Prime ministers could not be more different than Indira Gandhi and Narendra Modi; but both went crazy about bank accounts for the poor. Why? One reason for preferring bank over cash transactions is that bank accounts make it more difficult to cheat on taxes. But that cannot be the reason for pressing the poor to open bank accounts; they are not great income tax payers. The reason may be that politicians want banks to fund businesses run by the poor; then there will be fewer poor, and they will need less help from the government.

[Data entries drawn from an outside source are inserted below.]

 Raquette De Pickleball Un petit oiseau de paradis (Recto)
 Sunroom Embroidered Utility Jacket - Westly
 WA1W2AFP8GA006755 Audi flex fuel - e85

But running a business and making a profit is not easy; the poor may well borrow from banks, blow up the money and stay poor. That is what the bankers fear; that is why they have been reluctant to go anywhere near the poor, and have had to be whipped by politicians to open accounts for the poor. Why are the politicians so keen on accounts for the poor? One reason is that they want to shower gifts on the poor, and that they think the gifts are less likely to be stolen en route if they are monetized and delivered in the bank accounts of the poor. Is it any more difficult to open an account in the name of a fictitious poor woman and steal the money? No, but it would leave a trail: someone may some day find out that it was stolen, and then pursue the bank clerk and his spurious beneficiary.

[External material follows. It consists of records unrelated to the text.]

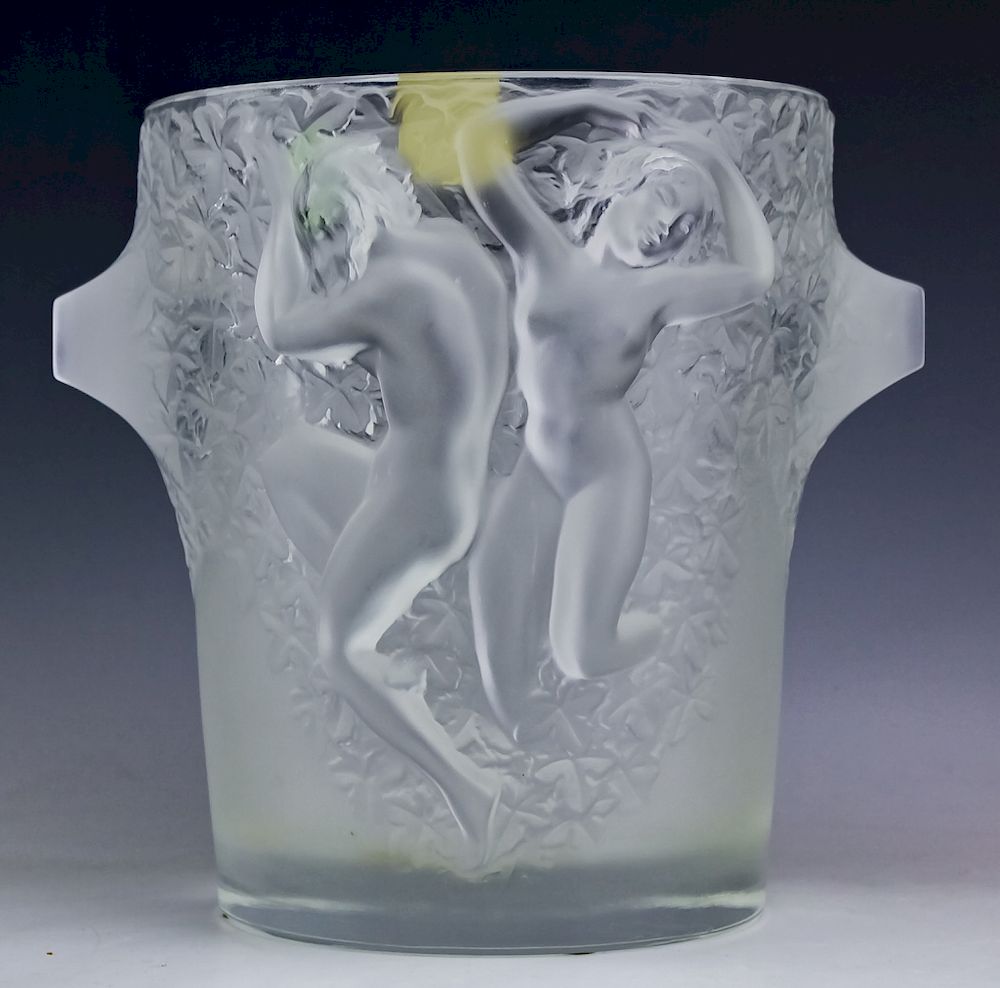 Appraisal: Lalique French Crystal Ganymede Champagne Bucket Lalique French crystal art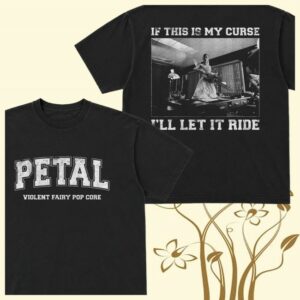 Ariana Grande Merch Store Shop Petal Core T-Shirt (Black)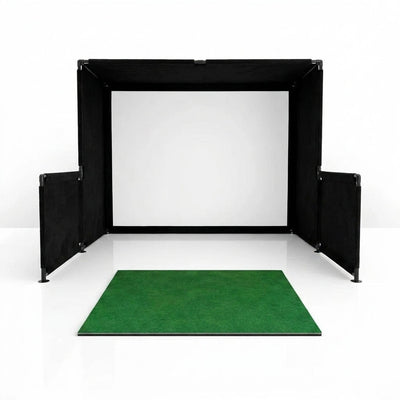 Golf Simulator Enclosure Built for Indoor Practice, 7 Size Options, Pro Impact Screen, Free Side Barriers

There was a time, not too long ago, when politicians thought differently: they thought that if they made getting a government subsidy unpleasant enough, only the poor would bother to take it. That is how the Great and Holy Mahatma Gandhi National Rural Employment Guarantee scheme was conceived of: only poor people would go out in the hot sun and break stones all day to get a hundred Rupees a day. Only the poor would go and wait for hours for absent doctors and nurses to turn up. Worsen the quality of service enough for all but the poor to lose interest in it. The politicians were only too right: their public servants reduced the quality of service so much that no poor turned up, and they could fake the names of the poor and appropriate the entire funds. They conspired with ration shopkeepers to sell PDS grains in the market, get the subsidy on them from the government by showing them as having been sold the poor, and share it with the shopkeepers. After thousands of crores had been earned in bribes, the politicians saw sense. That is when they gave up on subsidies in kind to jobs that brought no one profit, and plumped for subsidies in cash. As I pointed out, cash subsidies are just as easy to misappropriate; but it is unprofitable to discover that, so politicians will not be in a hurry to realize this.

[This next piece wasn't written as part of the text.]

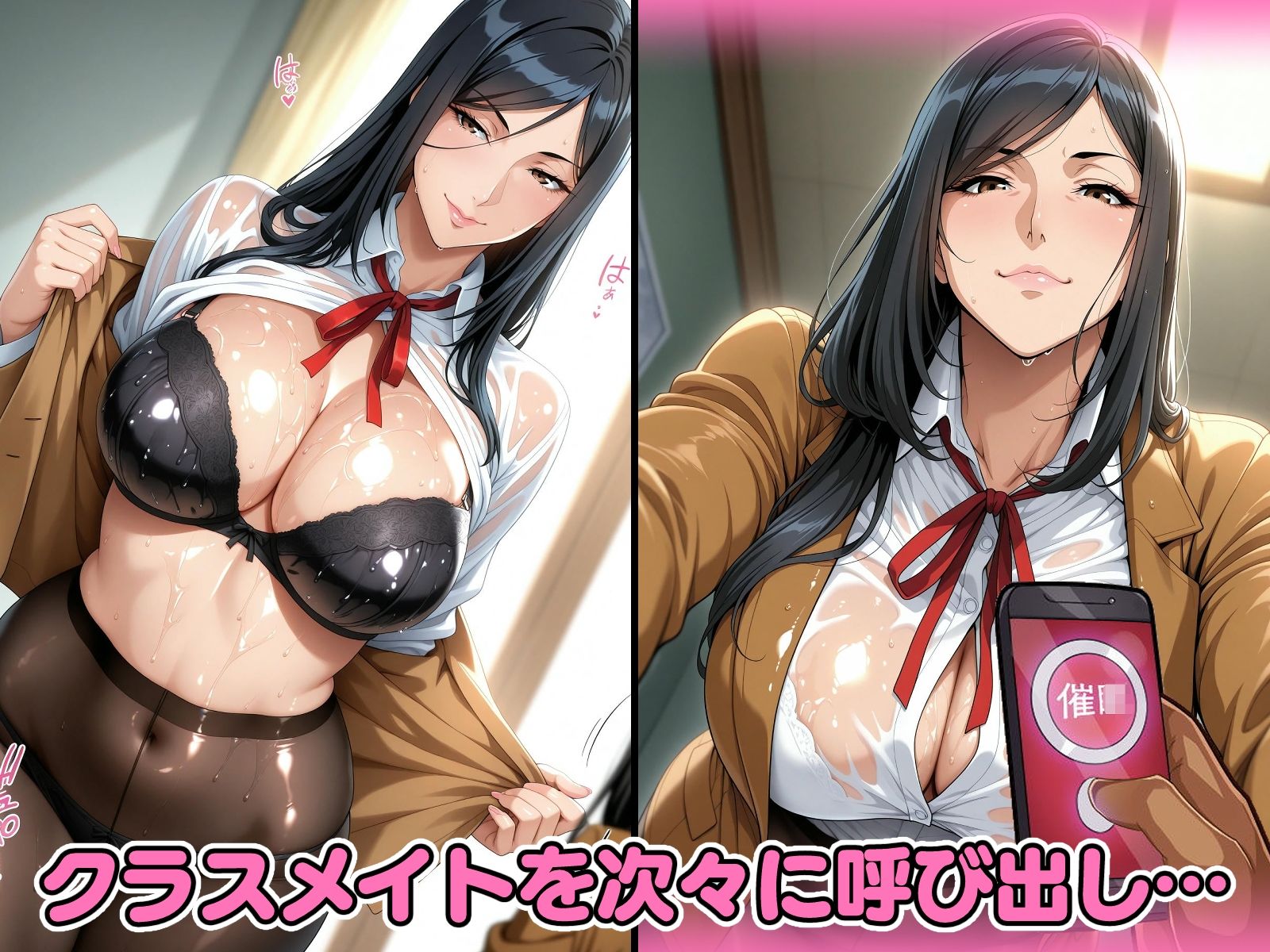 催◯アプリで完全支配 監獄美少女達とぬるぬる孕ませックス 栗◯まり 白◯芽衣子 緑◯花 画像1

Suppose that politicians were to abandon populism and opportunism; are there better ways of helping the poor? I think of my friend P V Sukhatme, who was an agricultural economist. After he retired from Food and Agriculture Organization, he settled down in his native Poona, employed as cooks women who had no one to support them, set up street stalls, and sold balanced, nutritious food at a Rupee a thali. He died; Shiv Sena continues to sell Zhunkha Bhakhar on his model, but only in its strongholds to its own supporters. Sikhs routinely feed anyone who comes to a Gurdwara; the government should persuade them to feed all the poor, all over the country, at its own cost. I have myself often said that the government should give chiki – a combination of gur and chana or peanuts – a liberal subsidy; it is excellent balanced food for anyone, rich or poor.

Poverty is not a curse; most Indians are poor, and they are amongst the happiest people in the world. But poor people are often visited by distress and crisis – death of breadwinner, prolonged illness, mental stress, and so on. It is these occasional disasters that people need resources to cope with. They will have some if they save, which they may do with Jan Dhan; but they will also get it more reliably if they live in communities where friends meet them often and recognize their circumstances. Communities still survive – for instance, amongst tribes, or amongst schoolchildren. Can we extend their model to the whole society? That is the question to we should look for an answer. And that community should be Hamara Hindustan, not Hindutwit Bharat.